Monday, Aug. 10, 1953
Sunshine Girl
Paris has exported a new chanteuse. She calls herself Patachou (rhymes with not-a-shoe), because the word is French for creampuff dough and she used to run a pastry shop in Montmartre. After two highly successful months at New York's Waldorf-Astoria, and a record released by Columbia, Patachou is currently wowing them at Los Angeles' Coconut Grove. Her fans claim she is the biggest thing that happened in France since Mistinguette wore pigtails. What is so special about this ex-pastrycook? Part of the answer lies with her predecessors.
Rural Reactionary. French nightclub singers, much easier to remember than French premiers, are possibly better guides to their country's history. There was Lucienne Boyer, who had her heyday in the uncertain years between the wars, a trim but still sizable singer who put across Parlez-Moi d'Amour as if Paris and amour had not changed since the golden nineties (although one line in the song admitted: "Actually, I don't believe any of it"). Then came Edith Piaf, so thin that she was barely visible through the nightclub smoke, with an occasional sentimental number (La Vie en Rose), but in reality a siren of disillusion, a kind of existentialist among chanteuses. But Patachou is almost a rural reactionary, who goes back to a sturdy, bucolic France that persists beneath the phony Parisian sparkle.
She is blonde, reassuringly well-fed, and appears on stage in a white peasant blouse (by Dior). Most of her songs are simple story songs, like the one about the girl who finds a kitten, puts it in her bodice, and attracts a good deal of male attention. But she also goes in for old rousers like Alouette and Au pres de Ma Blonde. As she sings, her hands flicker gaily through the air, over her body, across her face, like the hands of a village girl telling a story at the well. She dislikes sadness and expresses the feeling in broad caricatures of moaning pop singers. Hers seems to be the Montmartre of old, when sheep grazed its slopes and windmills turned. "I like sunshine and I live," she says. "I sleep with my windows open."

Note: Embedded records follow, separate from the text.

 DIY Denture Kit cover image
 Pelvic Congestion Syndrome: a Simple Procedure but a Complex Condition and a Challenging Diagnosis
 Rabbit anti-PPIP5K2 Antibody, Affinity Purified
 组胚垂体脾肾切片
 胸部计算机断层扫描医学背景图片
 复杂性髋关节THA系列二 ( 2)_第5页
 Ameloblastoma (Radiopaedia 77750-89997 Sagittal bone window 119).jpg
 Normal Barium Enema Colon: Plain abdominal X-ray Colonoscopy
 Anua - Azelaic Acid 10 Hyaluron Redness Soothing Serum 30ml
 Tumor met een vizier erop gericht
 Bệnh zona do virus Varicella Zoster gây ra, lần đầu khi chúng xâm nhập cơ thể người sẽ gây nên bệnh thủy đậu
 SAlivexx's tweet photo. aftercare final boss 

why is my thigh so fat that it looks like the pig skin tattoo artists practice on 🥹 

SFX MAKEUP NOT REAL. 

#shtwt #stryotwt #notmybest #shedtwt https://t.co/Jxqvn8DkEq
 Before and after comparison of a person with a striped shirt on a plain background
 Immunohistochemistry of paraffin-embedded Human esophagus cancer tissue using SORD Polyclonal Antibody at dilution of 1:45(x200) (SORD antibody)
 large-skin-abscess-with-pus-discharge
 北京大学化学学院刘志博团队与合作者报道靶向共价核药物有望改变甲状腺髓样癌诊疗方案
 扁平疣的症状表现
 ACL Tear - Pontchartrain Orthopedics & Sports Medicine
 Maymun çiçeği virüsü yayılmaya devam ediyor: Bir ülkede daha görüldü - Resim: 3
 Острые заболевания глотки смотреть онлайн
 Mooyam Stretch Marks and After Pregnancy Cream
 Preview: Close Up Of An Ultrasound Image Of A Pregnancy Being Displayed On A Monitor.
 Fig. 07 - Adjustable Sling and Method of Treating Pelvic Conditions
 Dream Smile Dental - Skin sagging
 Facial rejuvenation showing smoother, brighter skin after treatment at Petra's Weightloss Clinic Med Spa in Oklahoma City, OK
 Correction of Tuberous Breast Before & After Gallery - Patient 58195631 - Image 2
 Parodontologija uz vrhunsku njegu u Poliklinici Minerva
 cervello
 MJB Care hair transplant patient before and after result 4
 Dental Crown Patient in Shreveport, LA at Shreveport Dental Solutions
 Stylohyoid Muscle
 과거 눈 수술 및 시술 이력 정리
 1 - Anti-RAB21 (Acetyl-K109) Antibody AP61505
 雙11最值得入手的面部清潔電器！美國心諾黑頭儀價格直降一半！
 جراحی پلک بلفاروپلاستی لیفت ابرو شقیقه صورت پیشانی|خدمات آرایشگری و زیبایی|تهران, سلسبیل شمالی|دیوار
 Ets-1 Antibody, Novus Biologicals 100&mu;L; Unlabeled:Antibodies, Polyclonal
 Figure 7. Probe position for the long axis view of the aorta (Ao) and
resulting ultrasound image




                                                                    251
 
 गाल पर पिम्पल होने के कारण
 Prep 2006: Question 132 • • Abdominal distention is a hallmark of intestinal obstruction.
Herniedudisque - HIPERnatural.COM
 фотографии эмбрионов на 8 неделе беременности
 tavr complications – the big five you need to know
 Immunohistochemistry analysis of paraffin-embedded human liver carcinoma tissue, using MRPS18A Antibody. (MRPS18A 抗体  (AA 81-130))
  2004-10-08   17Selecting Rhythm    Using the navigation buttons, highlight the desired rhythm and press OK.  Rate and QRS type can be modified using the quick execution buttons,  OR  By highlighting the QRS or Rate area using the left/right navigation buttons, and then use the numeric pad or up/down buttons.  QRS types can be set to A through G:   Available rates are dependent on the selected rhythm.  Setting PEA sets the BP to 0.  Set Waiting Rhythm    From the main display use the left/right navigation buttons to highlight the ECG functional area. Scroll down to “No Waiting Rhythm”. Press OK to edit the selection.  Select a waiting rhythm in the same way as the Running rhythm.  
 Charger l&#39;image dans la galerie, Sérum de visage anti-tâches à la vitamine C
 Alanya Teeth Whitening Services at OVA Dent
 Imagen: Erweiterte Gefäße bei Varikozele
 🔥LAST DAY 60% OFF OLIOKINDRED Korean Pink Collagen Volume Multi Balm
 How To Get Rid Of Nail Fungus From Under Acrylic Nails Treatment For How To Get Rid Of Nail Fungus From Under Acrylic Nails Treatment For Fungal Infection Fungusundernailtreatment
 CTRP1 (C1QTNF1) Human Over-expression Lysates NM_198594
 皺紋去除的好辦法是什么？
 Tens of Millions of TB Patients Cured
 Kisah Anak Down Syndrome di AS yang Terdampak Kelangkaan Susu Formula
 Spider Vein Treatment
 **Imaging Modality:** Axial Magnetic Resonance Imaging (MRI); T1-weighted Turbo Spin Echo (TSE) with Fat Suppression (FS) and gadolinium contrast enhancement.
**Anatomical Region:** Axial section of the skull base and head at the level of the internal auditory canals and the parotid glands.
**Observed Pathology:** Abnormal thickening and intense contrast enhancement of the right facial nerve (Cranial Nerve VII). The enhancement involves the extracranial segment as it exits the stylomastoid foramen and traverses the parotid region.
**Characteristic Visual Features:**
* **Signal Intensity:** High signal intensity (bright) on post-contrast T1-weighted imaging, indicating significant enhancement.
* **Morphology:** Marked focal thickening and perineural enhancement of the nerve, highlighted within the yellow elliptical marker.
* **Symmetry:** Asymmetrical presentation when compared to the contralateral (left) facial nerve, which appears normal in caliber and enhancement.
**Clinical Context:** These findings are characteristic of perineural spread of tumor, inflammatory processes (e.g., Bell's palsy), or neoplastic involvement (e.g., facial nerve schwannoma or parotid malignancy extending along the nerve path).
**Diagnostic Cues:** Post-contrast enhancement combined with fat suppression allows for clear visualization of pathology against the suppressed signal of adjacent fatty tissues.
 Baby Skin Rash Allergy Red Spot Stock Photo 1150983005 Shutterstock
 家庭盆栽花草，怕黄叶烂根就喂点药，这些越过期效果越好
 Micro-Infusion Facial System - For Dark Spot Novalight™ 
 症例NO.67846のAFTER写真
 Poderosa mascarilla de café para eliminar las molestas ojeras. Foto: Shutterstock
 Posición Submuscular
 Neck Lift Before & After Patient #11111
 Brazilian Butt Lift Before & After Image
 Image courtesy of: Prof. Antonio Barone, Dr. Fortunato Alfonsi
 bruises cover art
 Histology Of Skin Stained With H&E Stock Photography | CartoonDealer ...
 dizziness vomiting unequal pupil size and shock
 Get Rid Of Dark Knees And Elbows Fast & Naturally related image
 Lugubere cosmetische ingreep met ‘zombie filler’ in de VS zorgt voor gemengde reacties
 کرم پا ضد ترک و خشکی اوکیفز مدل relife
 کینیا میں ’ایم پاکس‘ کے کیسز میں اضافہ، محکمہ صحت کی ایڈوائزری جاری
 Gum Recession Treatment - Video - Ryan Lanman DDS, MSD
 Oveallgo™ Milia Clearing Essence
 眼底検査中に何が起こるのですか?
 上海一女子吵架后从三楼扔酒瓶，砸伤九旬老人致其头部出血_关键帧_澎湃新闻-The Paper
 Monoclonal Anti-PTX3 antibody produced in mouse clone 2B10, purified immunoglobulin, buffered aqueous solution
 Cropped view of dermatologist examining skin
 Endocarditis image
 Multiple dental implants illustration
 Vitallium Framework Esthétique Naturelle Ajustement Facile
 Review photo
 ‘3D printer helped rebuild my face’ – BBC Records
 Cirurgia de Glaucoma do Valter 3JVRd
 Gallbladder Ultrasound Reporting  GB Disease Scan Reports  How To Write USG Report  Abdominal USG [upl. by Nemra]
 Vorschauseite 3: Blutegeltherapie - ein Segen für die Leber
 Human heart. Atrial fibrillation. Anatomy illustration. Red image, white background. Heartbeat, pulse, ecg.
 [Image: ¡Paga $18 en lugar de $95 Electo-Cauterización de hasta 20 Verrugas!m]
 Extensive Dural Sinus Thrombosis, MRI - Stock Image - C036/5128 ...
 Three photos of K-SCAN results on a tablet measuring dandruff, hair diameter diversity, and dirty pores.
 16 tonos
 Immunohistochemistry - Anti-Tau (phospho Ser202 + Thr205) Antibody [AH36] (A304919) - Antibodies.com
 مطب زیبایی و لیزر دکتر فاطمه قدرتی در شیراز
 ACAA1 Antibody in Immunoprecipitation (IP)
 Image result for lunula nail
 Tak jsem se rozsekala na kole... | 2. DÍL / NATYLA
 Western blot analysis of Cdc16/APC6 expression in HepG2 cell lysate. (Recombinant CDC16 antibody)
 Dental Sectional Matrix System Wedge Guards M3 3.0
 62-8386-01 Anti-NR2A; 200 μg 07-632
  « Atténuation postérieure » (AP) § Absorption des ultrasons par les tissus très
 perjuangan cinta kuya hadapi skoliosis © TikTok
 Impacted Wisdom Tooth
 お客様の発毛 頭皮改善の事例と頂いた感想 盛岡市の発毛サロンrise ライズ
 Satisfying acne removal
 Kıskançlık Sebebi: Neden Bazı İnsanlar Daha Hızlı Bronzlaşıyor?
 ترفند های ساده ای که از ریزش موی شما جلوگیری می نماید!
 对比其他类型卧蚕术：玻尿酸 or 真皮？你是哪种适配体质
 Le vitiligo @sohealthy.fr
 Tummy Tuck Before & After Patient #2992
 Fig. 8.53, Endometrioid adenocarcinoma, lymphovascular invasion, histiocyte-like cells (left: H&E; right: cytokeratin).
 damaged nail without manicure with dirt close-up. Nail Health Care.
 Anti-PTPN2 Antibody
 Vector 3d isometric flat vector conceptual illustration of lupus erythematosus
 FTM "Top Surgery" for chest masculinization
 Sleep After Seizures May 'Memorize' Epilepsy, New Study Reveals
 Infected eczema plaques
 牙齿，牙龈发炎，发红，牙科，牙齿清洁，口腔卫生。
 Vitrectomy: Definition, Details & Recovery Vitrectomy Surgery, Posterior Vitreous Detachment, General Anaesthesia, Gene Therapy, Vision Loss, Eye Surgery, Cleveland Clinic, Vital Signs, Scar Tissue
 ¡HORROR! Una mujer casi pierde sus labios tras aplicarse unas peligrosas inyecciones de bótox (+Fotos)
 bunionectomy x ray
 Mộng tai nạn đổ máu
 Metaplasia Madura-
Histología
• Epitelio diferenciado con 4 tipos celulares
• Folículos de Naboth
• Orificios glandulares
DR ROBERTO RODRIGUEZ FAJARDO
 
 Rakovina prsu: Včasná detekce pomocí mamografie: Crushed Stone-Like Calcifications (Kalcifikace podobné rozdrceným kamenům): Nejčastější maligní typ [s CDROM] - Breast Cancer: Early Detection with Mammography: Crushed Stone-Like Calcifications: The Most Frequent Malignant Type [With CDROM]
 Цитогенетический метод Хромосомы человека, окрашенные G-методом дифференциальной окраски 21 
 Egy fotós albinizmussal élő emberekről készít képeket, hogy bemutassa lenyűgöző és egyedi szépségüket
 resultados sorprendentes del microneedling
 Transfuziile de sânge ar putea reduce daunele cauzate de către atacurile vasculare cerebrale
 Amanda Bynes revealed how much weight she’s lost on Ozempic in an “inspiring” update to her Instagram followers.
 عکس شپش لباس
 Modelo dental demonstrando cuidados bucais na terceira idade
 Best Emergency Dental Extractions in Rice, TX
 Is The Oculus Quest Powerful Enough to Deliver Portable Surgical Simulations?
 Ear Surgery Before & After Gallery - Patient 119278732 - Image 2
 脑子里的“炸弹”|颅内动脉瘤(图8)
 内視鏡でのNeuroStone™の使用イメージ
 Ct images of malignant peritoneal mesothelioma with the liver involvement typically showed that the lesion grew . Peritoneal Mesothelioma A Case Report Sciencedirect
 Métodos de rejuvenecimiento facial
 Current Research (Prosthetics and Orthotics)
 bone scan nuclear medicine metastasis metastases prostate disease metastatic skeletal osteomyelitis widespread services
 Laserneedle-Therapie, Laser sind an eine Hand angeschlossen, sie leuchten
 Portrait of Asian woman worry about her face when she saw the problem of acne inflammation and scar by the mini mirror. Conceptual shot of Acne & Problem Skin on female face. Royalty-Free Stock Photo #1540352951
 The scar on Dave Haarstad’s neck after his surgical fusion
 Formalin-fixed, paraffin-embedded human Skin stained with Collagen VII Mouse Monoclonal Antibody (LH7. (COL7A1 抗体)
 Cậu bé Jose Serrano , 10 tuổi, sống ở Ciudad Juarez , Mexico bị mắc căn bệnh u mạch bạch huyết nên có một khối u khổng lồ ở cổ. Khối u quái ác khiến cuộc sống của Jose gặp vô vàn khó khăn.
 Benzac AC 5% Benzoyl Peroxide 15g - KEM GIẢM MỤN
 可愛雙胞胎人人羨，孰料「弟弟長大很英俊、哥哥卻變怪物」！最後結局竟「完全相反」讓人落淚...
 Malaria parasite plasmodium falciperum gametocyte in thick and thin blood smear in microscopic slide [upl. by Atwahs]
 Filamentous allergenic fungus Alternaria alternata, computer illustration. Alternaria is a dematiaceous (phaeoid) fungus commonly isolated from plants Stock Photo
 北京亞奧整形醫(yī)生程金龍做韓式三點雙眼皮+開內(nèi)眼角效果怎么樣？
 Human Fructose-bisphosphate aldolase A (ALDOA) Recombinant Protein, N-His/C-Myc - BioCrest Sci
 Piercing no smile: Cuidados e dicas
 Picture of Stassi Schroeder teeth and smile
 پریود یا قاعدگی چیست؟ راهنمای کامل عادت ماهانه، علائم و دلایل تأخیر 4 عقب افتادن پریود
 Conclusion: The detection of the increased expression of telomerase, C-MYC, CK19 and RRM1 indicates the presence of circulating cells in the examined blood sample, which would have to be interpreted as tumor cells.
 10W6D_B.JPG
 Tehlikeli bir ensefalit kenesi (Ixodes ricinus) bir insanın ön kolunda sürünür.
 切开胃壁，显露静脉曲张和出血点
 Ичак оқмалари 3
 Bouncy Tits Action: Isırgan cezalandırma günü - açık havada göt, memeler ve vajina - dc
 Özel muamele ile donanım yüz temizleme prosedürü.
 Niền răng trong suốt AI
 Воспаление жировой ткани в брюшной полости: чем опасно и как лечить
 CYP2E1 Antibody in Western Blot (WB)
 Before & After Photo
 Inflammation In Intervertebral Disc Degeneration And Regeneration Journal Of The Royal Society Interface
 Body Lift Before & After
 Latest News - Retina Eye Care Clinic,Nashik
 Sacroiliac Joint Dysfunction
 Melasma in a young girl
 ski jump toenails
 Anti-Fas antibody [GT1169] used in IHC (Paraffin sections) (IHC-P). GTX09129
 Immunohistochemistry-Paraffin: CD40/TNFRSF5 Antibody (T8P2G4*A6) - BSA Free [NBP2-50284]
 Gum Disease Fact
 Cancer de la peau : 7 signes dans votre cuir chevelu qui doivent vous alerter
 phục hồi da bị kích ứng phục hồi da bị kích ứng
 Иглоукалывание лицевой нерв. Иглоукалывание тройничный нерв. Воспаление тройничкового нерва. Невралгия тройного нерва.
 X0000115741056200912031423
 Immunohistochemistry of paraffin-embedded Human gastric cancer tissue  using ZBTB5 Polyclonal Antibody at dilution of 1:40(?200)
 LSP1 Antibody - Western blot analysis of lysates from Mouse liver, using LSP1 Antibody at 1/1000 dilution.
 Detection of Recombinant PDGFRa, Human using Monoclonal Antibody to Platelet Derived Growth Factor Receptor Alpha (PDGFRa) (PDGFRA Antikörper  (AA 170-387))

Train Stopper. Patachou (real name: Henriette Ragon Billon) never sang in public until five years ago, when she and her husband opened a small cafe next to the pastry shop. One night she joined a crowd of singing customers and they loved her. After that, she sang a little every night, walking from table to table, coaxing people to join in. One night Patachou saw a man cut off his friend's necktie for a joke. "I think this is most funny," she recalls. "I like the look of terreur on the man's face. All of a sudden, this tie-cutter is as strong as the man with the red flag who stops trains. After that, I, too, cut ties when someone will not sing with me."
During the next two years she collected some famous four-in-hands--Farouk's, Errol Flynn's, Governor Dewey's, Aly Khan's. When Maurice Chevalier told her she must leave her little cafe for bigger things, she obeyed. Patachou likes big rooms and big crowds. Says she: "If they are a good audience, I have a good time. But if I am excited and they are not excited, then I feel like I am the only one in the room and there is no fun."
With Patachou in the room, there is almost always fun.